研究課題
基盤研究(B)
ブラックホール天体からの放射は激しい時間変動を示す。本研究課題は連星系ブラックホールからの可視光を0.1秒以下の時間分解能で観測し、その時間変動の起源を明らかにしようとするものである。3年間で高速測光システムの組み立て、飛騨天文台におけるテスト観測、東広島天文台における本観測、短時間変動に関わるいくつかの理論的研究を並行して行い、以下の結果を得た。(1)高速測光システムの構築と観測浜松ホトニクスと協議し仕様を決定して、e2v社のCCD87というチップを使用した33枚/秒の画像の撮れる高速CCDカメラ及びデータストレージシステムを開発した。このCCDカメラを東広島天文台の1.5m「かなた望遠鏡」に取り付け、ブラックホール天体(はくちょう座X-1)を0.1秒以下の高速測光観測を行い、新しいタイプのフレアを発見した。(2)磁気流体降着流・噴出流からの可視光放射の計算大局的3次元磁気流体コードを使い、磁場を帯びた降着流から噴出する磁気タワージェットの長時間計算を行い、その放射スペクトルを計算した。その結果、ブラックホール近傍(10倍のシュバルツシルド半径)以内の領域から、強い可視光がうみだされ、しかもそれは短時間変動を示すことがわかった。

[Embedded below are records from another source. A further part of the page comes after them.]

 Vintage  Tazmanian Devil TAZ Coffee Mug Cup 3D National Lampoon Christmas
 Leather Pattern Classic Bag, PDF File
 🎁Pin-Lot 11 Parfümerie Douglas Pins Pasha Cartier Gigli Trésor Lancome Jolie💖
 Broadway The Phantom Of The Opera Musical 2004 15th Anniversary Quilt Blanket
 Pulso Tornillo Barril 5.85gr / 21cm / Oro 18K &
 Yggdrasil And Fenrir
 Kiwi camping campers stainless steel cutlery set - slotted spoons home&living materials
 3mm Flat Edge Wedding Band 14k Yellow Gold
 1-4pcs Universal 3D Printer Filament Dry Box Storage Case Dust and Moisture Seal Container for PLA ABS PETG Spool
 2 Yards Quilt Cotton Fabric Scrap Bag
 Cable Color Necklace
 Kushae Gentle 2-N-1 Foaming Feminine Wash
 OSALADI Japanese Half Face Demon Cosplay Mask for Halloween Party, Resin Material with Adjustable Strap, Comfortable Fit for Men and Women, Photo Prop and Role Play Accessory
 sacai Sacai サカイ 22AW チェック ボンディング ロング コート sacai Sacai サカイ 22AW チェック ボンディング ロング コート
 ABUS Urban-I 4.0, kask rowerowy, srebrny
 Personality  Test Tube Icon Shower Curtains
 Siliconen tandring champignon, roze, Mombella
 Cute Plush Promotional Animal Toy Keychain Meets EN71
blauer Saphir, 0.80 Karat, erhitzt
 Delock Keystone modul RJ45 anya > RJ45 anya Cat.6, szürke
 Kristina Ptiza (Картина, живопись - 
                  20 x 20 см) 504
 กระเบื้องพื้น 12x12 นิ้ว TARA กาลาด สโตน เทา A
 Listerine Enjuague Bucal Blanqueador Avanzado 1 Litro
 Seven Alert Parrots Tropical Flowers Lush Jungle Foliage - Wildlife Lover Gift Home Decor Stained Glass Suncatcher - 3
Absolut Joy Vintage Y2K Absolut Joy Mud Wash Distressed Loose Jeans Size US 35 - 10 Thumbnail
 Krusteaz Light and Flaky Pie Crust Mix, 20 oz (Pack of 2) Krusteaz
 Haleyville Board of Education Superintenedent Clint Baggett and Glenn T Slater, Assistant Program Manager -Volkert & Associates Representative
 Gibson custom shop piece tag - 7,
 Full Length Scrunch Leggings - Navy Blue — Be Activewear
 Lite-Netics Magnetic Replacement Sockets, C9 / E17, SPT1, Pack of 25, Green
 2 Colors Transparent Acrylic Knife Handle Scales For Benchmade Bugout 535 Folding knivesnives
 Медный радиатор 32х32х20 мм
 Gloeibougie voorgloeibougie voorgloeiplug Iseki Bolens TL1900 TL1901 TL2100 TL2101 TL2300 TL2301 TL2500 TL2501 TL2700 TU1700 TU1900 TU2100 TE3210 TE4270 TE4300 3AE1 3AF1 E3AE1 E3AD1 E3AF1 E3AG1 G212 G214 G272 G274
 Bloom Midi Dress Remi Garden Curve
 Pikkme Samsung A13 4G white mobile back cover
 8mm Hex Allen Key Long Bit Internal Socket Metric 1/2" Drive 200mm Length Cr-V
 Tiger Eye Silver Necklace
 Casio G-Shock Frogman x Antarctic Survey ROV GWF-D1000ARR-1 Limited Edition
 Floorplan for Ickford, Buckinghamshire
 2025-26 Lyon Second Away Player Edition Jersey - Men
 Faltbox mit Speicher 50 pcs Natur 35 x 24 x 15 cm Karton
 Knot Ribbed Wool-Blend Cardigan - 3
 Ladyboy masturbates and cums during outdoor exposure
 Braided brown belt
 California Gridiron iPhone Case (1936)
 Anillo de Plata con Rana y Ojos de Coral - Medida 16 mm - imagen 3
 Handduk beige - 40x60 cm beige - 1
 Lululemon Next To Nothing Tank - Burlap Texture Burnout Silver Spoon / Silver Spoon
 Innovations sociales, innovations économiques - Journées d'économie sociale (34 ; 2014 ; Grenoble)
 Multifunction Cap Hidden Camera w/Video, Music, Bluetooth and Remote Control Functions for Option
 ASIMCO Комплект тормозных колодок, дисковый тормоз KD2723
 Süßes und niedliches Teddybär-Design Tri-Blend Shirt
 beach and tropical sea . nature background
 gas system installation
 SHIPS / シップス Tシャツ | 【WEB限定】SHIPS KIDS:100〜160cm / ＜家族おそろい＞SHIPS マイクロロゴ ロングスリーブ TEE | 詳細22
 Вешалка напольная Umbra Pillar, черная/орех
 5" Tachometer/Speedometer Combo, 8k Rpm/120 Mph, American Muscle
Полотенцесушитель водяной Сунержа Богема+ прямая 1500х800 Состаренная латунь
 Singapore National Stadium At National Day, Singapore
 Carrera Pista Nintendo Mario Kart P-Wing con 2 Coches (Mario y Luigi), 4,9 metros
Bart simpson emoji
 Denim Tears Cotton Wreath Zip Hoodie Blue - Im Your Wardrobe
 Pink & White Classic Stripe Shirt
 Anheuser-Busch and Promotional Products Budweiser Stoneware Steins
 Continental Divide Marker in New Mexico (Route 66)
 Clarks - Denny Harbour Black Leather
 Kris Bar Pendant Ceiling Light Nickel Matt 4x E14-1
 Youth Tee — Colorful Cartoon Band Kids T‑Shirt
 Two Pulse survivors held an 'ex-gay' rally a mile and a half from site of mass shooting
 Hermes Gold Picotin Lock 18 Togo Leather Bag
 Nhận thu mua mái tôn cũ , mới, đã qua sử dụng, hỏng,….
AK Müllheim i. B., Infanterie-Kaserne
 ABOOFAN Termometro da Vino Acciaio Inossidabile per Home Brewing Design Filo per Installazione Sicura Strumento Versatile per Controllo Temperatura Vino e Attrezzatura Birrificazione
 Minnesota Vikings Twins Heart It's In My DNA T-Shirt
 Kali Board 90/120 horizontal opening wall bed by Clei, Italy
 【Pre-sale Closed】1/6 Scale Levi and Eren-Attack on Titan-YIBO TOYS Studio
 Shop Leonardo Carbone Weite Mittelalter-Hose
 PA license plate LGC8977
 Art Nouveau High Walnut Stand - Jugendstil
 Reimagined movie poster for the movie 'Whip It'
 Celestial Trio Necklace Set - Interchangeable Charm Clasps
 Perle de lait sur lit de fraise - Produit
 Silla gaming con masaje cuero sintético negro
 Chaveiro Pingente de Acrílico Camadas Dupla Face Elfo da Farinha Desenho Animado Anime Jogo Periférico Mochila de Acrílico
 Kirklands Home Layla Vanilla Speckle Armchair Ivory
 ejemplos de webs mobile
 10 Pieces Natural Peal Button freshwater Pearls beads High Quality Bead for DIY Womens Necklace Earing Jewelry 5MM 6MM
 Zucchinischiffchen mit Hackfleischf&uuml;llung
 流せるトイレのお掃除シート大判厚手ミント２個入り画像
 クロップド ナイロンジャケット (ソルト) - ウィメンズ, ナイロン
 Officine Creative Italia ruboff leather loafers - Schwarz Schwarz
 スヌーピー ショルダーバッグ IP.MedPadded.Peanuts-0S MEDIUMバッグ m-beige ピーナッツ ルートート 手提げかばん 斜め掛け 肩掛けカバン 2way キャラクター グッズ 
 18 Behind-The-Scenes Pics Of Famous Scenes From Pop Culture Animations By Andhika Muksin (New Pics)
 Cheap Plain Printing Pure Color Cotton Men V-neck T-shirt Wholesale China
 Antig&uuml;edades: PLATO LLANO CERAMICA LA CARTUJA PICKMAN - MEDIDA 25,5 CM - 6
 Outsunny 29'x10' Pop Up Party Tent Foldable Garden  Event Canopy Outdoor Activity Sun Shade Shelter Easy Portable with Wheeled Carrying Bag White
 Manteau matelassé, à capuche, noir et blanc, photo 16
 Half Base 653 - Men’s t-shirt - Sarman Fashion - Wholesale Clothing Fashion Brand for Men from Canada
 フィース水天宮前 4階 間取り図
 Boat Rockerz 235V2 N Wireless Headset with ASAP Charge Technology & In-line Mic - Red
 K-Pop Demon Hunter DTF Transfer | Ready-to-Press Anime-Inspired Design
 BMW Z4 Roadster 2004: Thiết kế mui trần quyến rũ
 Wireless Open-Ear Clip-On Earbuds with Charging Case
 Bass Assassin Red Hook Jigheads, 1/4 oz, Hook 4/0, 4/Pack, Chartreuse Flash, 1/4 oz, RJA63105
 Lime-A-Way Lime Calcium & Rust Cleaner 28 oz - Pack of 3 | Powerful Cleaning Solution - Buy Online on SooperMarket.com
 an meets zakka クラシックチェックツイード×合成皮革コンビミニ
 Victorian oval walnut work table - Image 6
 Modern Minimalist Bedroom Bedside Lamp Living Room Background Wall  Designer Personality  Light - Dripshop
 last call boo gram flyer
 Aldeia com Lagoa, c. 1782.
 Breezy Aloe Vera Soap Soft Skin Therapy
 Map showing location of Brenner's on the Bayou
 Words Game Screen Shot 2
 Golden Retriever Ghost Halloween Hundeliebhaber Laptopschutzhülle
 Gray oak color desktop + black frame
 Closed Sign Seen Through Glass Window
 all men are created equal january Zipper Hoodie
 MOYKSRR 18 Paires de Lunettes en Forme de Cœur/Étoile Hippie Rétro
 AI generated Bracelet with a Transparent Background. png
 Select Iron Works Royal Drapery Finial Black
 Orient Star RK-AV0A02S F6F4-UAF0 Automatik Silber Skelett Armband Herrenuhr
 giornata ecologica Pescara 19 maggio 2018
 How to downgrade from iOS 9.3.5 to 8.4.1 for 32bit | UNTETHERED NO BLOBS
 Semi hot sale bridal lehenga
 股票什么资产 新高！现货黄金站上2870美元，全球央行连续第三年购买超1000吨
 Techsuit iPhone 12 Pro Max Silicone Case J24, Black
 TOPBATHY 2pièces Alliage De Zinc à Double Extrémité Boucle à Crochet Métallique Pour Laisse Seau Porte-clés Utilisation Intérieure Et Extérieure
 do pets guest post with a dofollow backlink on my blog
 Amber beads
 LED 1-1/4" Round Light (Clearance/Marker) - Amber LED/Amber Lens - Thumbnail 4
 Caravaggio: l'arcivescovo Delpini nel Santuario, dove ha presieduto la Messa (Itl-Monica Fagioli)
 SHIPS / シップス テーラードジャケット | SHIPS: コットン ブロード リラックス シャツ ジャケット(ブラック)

(3)ブラックホールからの放射ゆらぎのモデルの提唱非線形ダイナミクスの分野で生み出された自己組織化臨界の概念をもとに、ブラックホールからの放射ゆらぎのモデルを磁場の誘導方程式をもとにつくりあげ、計算を進めたところ、観測の光度曲線の形、パワースペクトルの形、対数正規分布のフラックス分布の全てを同時に再現することに成功した。これはまさに、磁気リコネクションに伴うフレアがゆらぎの原因であることを強く示す結果である。